Bruno

Could you please look into this one?

Thanks

Peter

Also the CT ioctls LL_IOC_HSM_CT_START, LL_IOC_HSM_PROGRESS, LL_IOC_HSM_COPY_START, LL_IOC_HSM_COPY_END are completely unrestricted. A non-root user with access to a lustre mount point can register as a copytool. And the same user running on the same node as a CT, with access to any lustre mount point on that node can unregister the CT by crafting a KUC with the CT's PID and group KUC_GRP_HSM.

I would suggest a restrictive set of permissions for all operations except restore. I make an exception for restore, as anyone with read privileges on a file should reasonably expect to be able to access the file, even if it has been released. It’s implied in the nature of the restore operation (whether invoked explicitly or implicitly).

Other commands could be left as super-user commands, with sudo or equivalent providing the necessary privilege escalation, at least as a stop-gap. If we documented this adequately, it would provide a reasonable implementation.

I agree with you that the copytools must only be managed by the super-user.

I’ve included some other notes:

Archive Files

• Super-user can archive files
• Owner can archive files
• ? Group members with write access can archive files?
• Other users cannot archive files

Release files

• Super-user can release files
• Other users, whether file owners, group members or other, cannot release files

Restore Files

• Any user with read permission can restore a file (implicit restore effectively mandates this behaviour)
• Restore requests cannot change ownership, permissions or other metadata

Remove files

• Super-user can remove files from the archive
• Owner can remove files from archive
• ? Group members with write access can remove files from archive?
• Other users cannot remove files from archive

Cancel

• Super-user can cancel all requests
• Requester can cancel their own requests
• Users cannot cancel requests made by other users

Questions

• Apply ACLs to allow alternative uses? For example "group_write_can_archive" – group members can archive files when the group write bit is set. Could effectively allow privilege escalation based on ACLs for files. So, very restrictive by default, but users can modify permissions to allow further options
• Create an MDT parameter to assign "super-user" privilege or otherwise delegate operations for HSM command set?
  • sudo could cover this, which means we could leave the commands as requiring super-user privileges, then demonstrate how one could use Sudo to delegate privileges to admin users
• MDT could potentially provide finer-grained access control but would need to weigh cost/benefit against alternatives

I think we must have a simple tunnable (through CDT policy flags => managed by CDT?) like control on/off. Many sites will not care of who is doing what.

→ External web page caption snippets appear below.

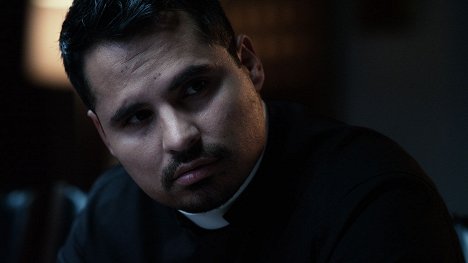 Michael Peña - The Vatican Tapes - Photos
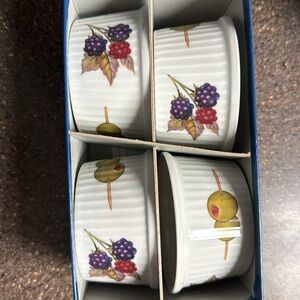 ROYAL WORCESTER EVESHAM MICRO RAMEKINS (4)
Dishwasher and oven safe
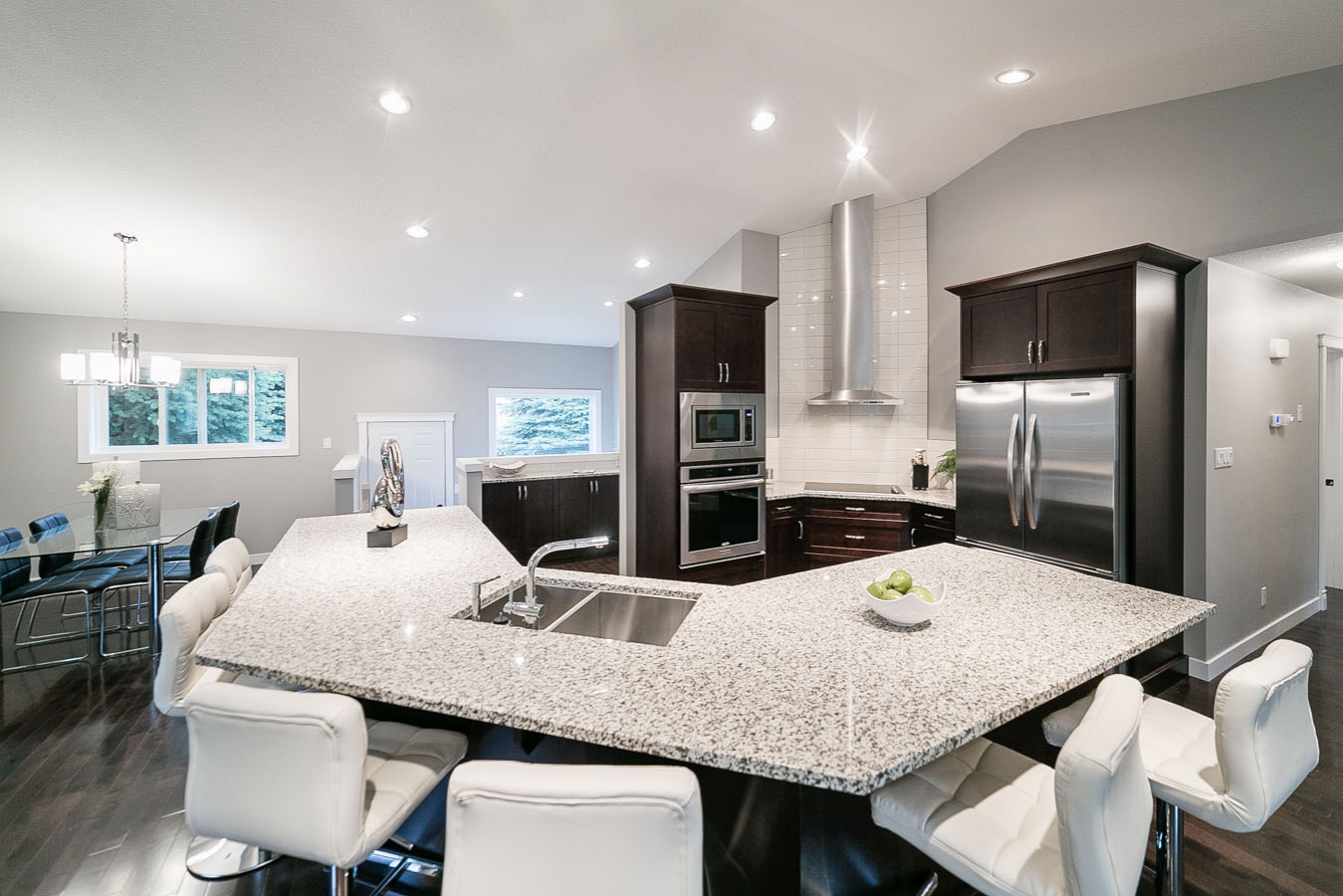 modern kitchen renovation Edmonton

• "Requester can cancel their own requests": today we do not memorize the request owner in llog. Do we replace this by file owner or who is able to read file ?
• "Users cannot cancel requests made by other users": even on their file ?

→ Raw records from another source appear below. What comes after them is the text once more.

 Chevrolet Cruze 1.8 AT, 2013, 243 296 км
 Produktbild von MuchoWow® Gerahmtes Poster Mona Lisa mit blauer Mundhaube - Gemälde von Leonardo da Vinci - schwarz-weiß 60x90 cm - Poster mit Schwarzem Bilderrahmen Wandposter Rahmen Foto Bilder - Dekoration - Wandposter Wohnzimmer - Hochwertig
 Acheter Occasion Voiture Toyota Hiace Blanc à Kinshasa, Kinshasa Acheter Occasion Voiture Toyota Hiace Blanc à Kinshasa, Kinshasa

Malcolm, thanks for the list that we can use as a start point for the "high-level" control for this task. I already see that we need to also add notes about the eXecution right/bit, do we allow for explicit/implicit restore when execution bit is set ?

John, J-C, what do you think if, we start with implementation of 3 modes, no-control/root-only/enhanced ?

Also and as very 1st step, for root-only mode, what do you think would be the best/simplest way to implement it, in ll_xx_ioctl() with just a tunable/proc to set the mode ?

I started a patch on for this that would do the following.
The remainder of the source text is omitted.